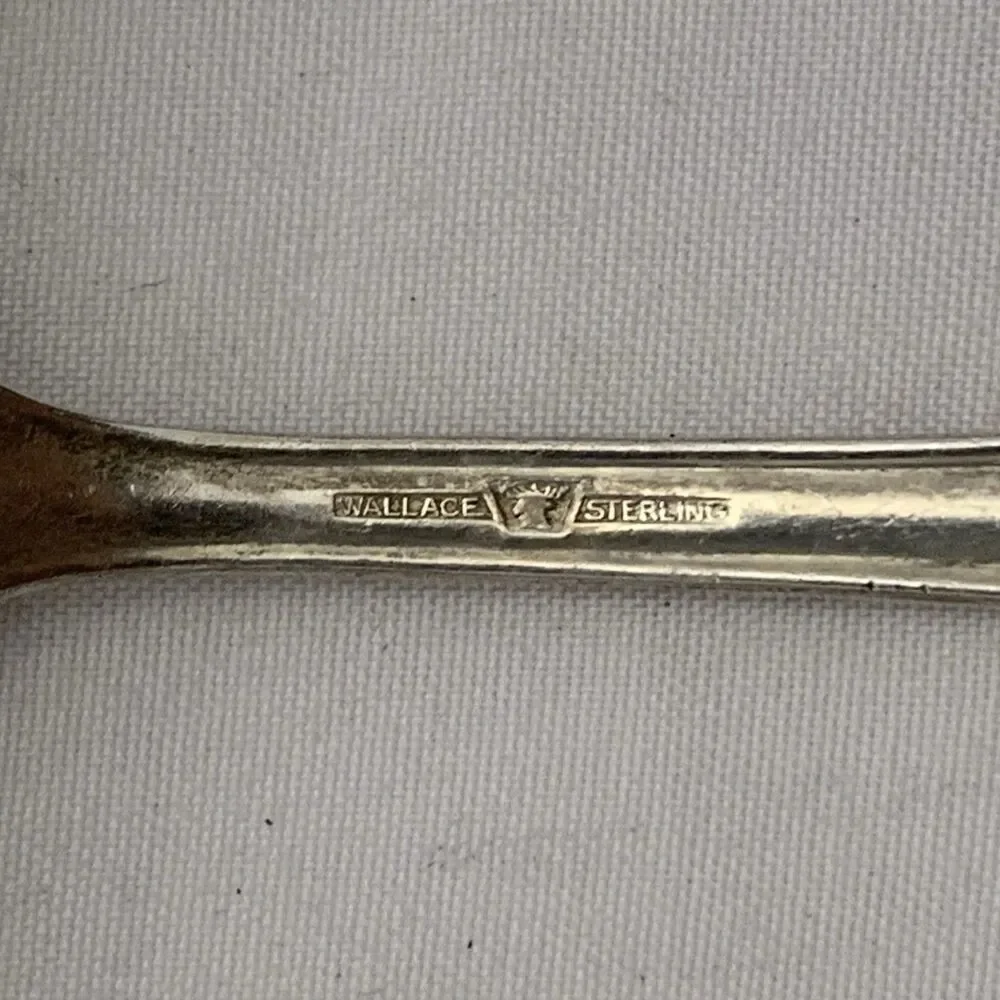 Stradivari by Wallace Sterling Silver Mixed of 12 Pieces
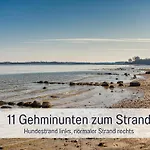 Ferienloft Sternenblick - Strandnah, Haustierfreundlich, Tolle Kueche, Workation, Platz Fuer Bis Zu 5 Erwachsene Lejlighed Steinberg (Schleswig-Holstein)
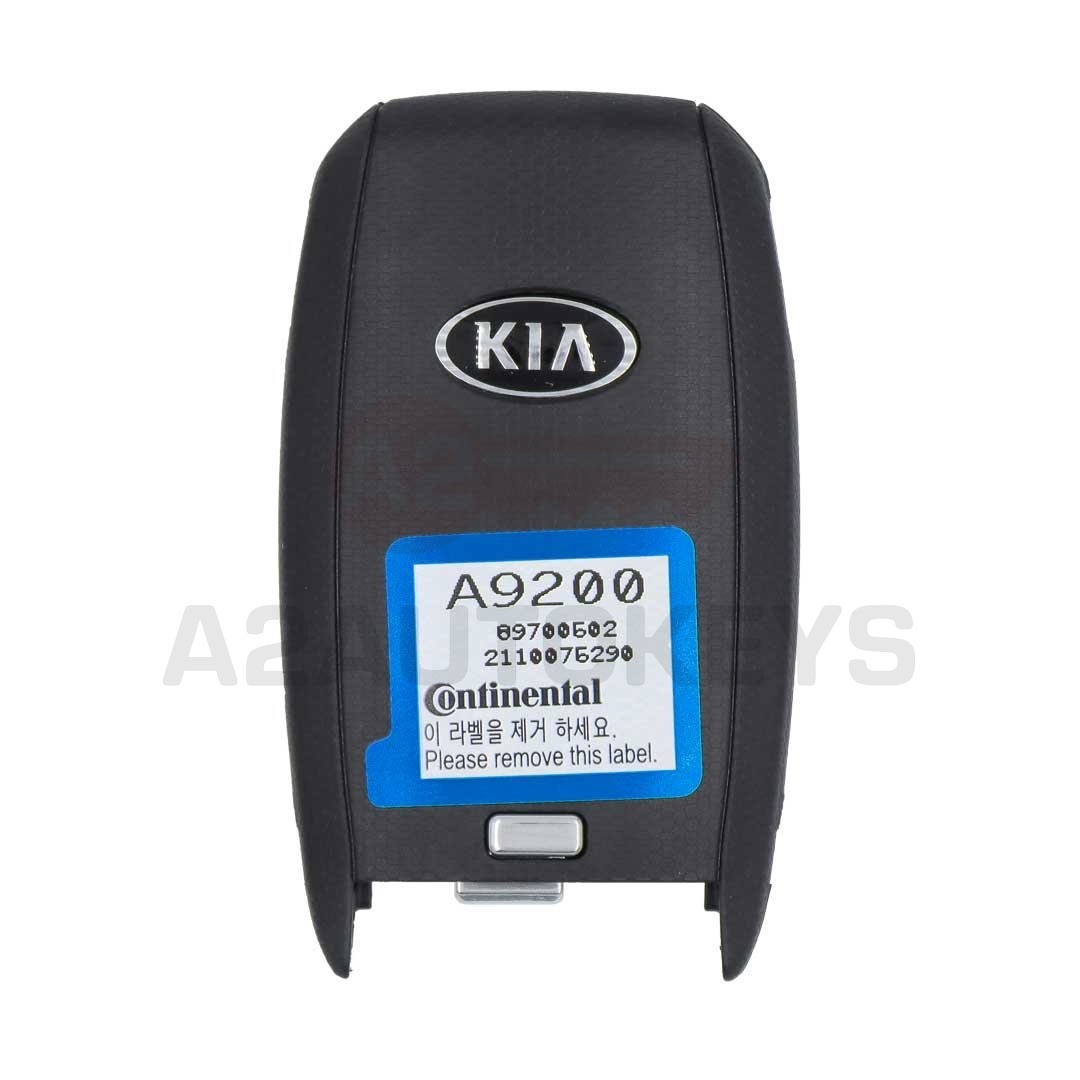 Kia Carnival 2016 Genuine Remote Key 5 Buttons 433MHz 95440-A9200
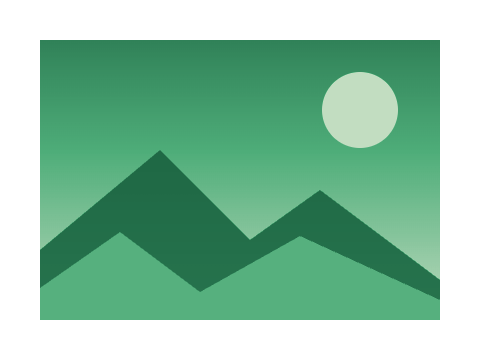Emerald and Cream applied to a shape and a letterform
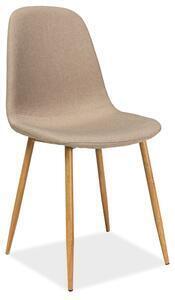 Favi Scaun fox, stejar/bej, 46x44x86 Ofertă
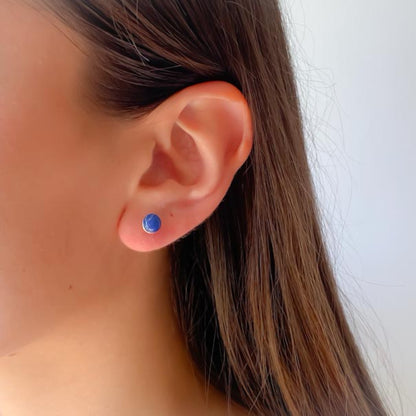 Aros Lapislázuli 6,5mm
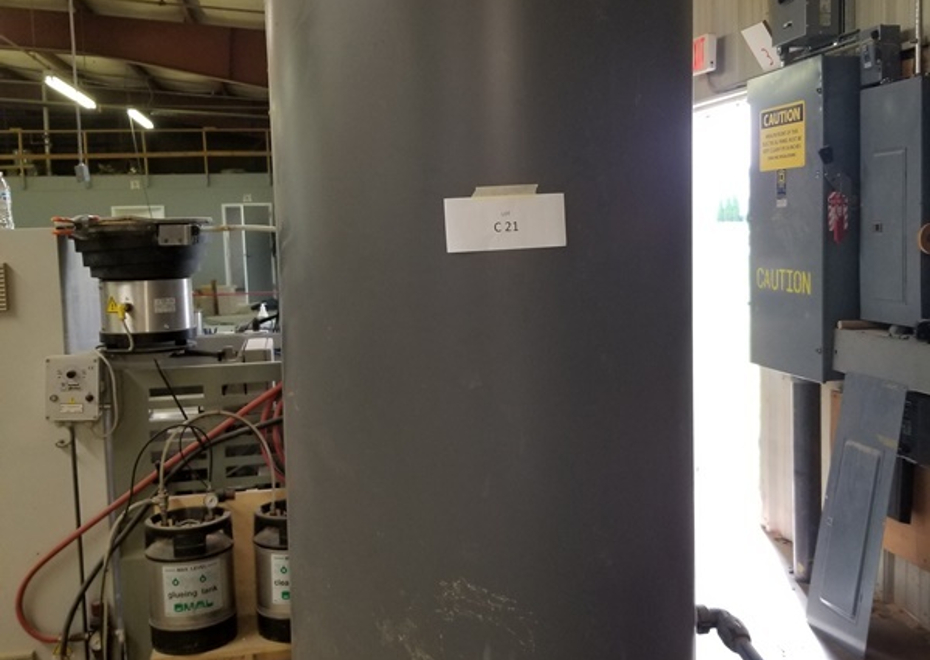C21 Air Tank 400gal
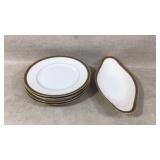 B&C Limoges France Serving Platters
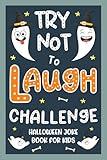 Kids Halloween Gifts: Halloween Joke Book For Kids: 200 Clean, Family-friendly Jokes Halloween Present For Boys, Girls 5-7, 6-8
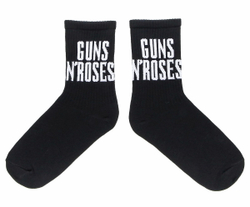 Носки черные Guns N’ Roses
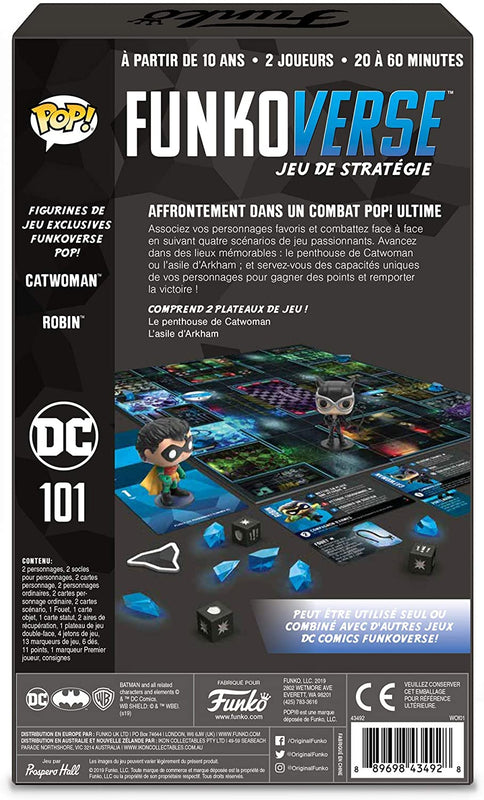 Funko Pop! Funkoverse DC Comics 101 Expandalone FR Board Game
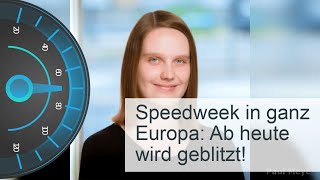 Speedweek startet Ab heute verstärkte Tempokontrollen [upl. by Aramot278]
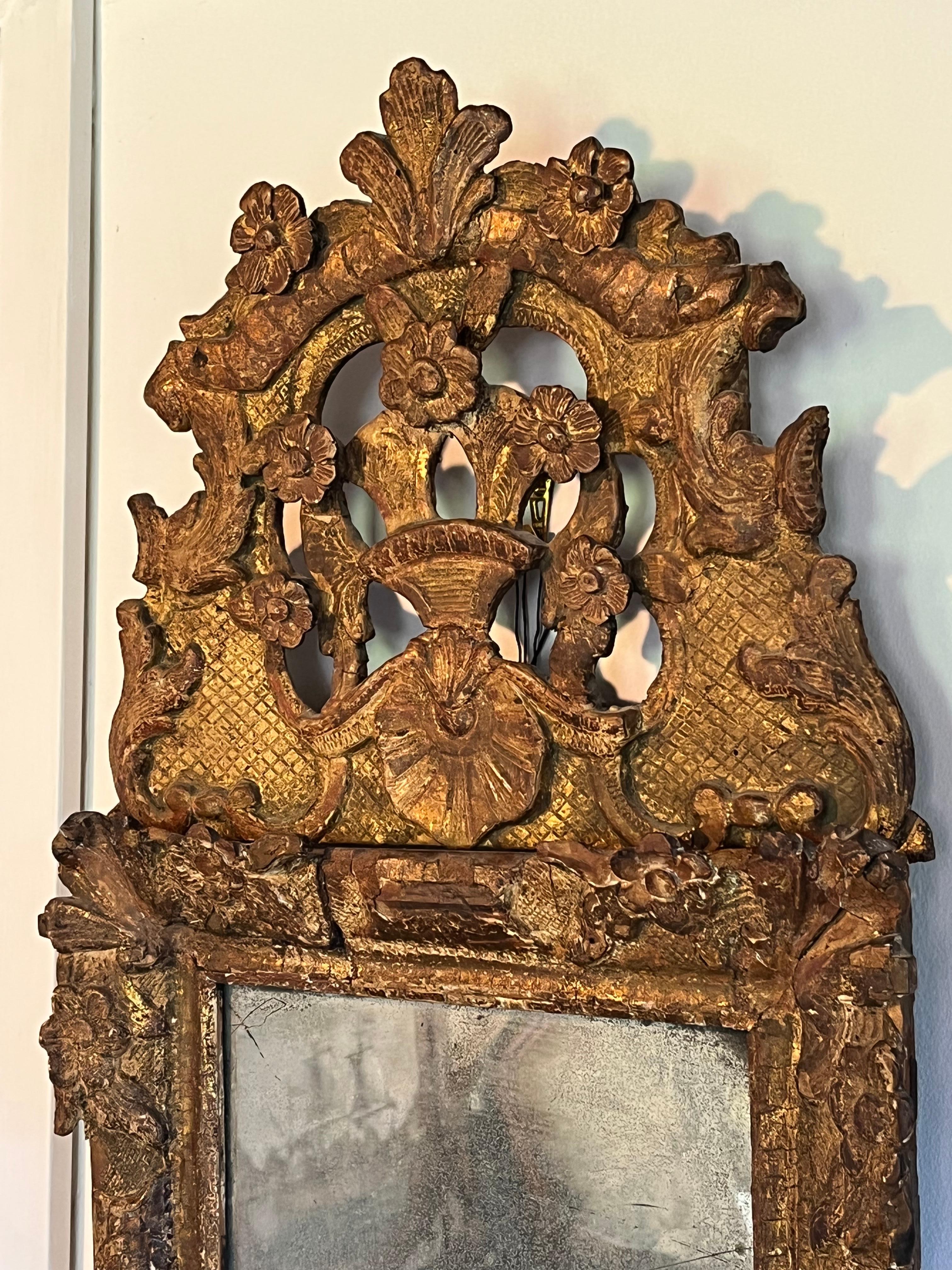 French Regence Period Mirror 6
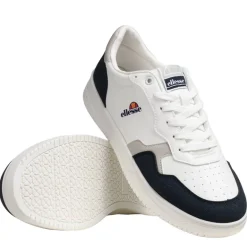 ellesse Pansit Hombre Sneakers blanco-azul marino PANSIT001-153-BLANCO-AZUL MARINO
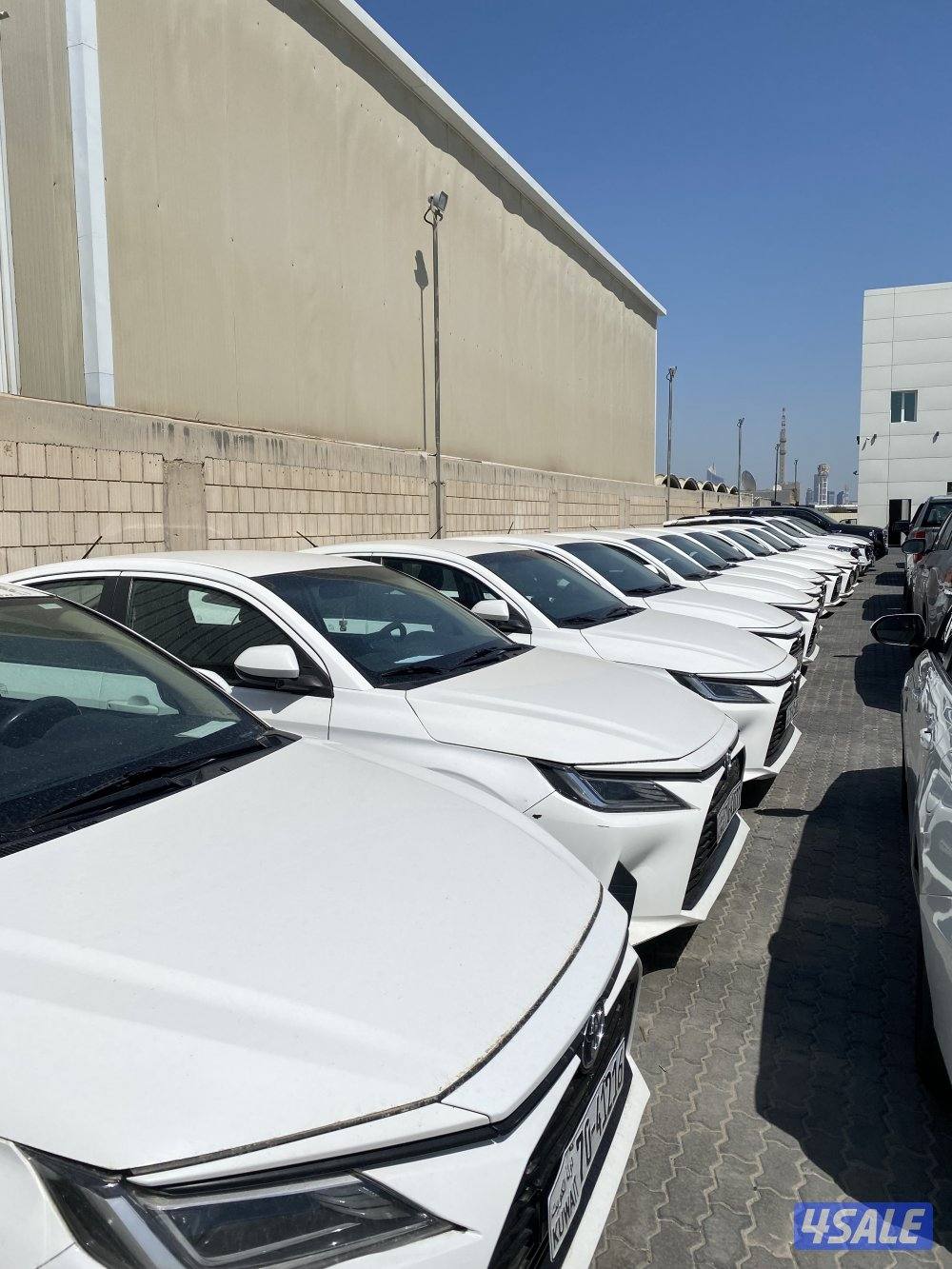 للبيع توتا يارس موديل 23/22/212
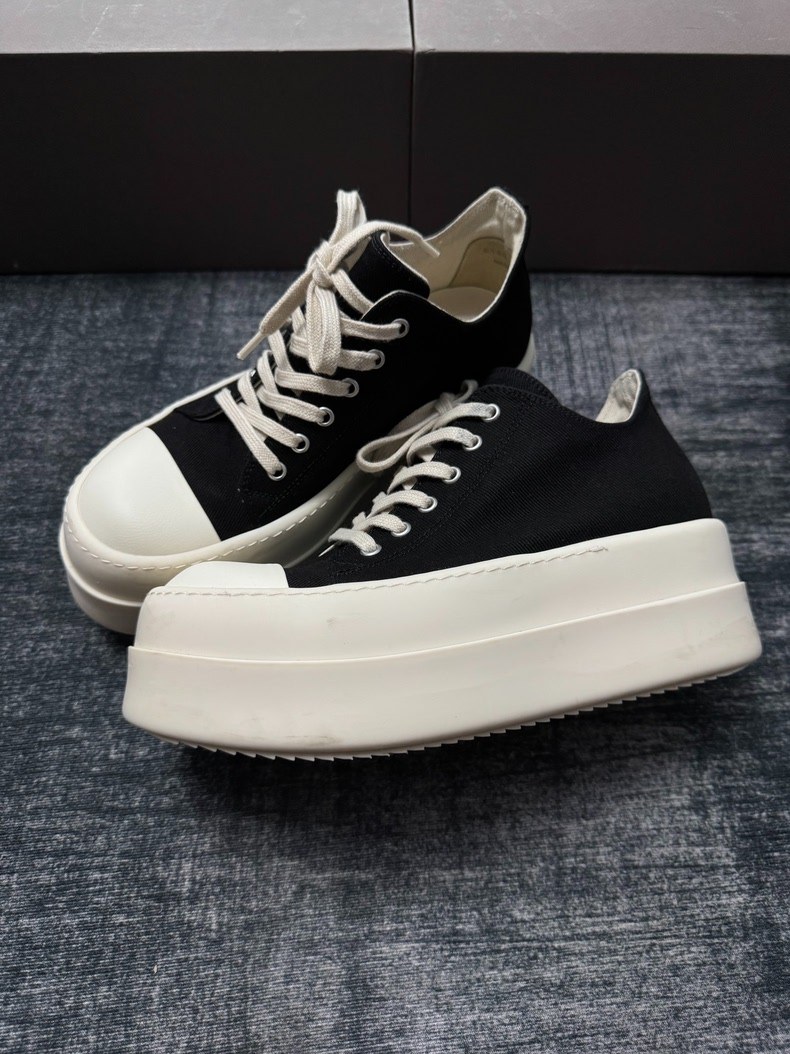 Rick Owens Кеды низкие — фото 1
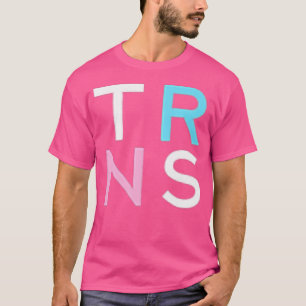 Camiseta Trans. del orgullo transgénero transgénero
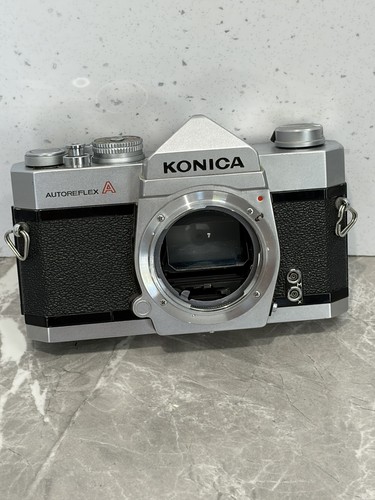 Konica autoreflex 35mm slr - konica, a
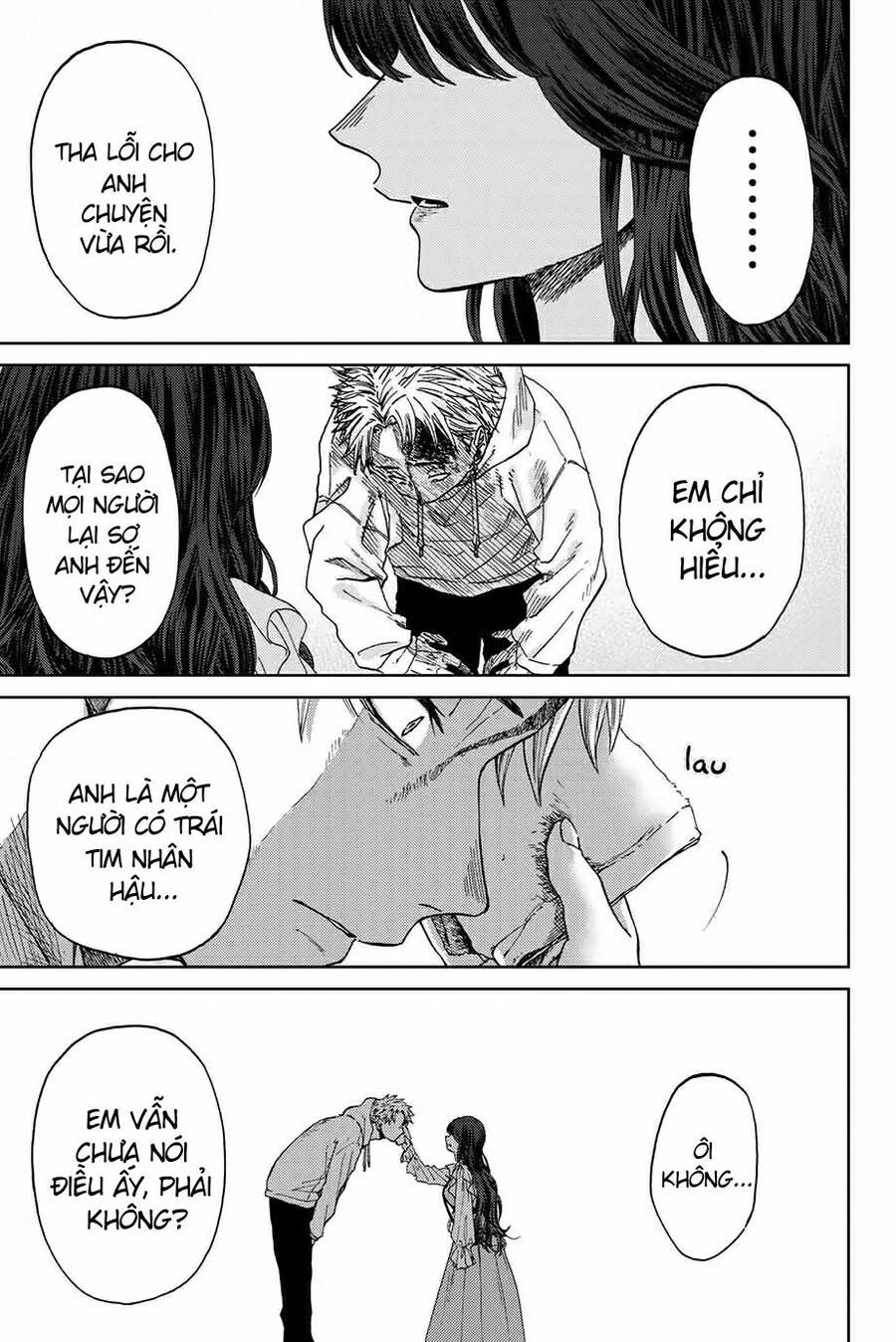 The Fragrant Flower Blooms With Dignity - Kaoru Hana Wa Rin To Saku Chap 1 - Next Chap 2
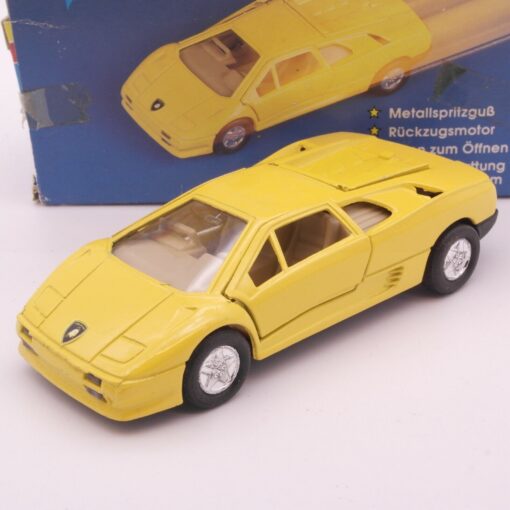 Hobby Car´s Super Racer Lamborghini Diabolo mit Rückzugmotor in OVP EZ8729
______________________________
About this task -> Once you find the line containing "Носки черные Guns N’ Roses", retype it and every line after it through the last line of the records above, exactly. Add nothing else, and leave out the pictures.

Written reply ->
 Носки черные Guns N’ Roses
 Funko Pop! Funkoverse DC Comics 101 Expandalone FR Board Game
 Speedweek startet Ab heute verstärkte Tempokontrollen [upl. by Aramot278]
 French Regence Period Mirror 6
 ellesse Pansit Hombre Sneakers blanco-azul marino PANSIT001-153-BLANCO-AZUL MARINO
 للبيع توتا يارس موديل 23/22/212
 Rick Owens Кеды низкие — фото 1
 Camiseta Trans. del orgullo transgénero transgénero
 Konica autoreflex 35mm slr - konica, a
 The Fragrant Flower Blooms With Dignity - Kaoru Hana Wa Rin To Saku Chap 1 - Next Chap 2
 Hobby Car´s Super Racer Lamborghini Diabolo mit Rückzugmotor in OVP EZ8729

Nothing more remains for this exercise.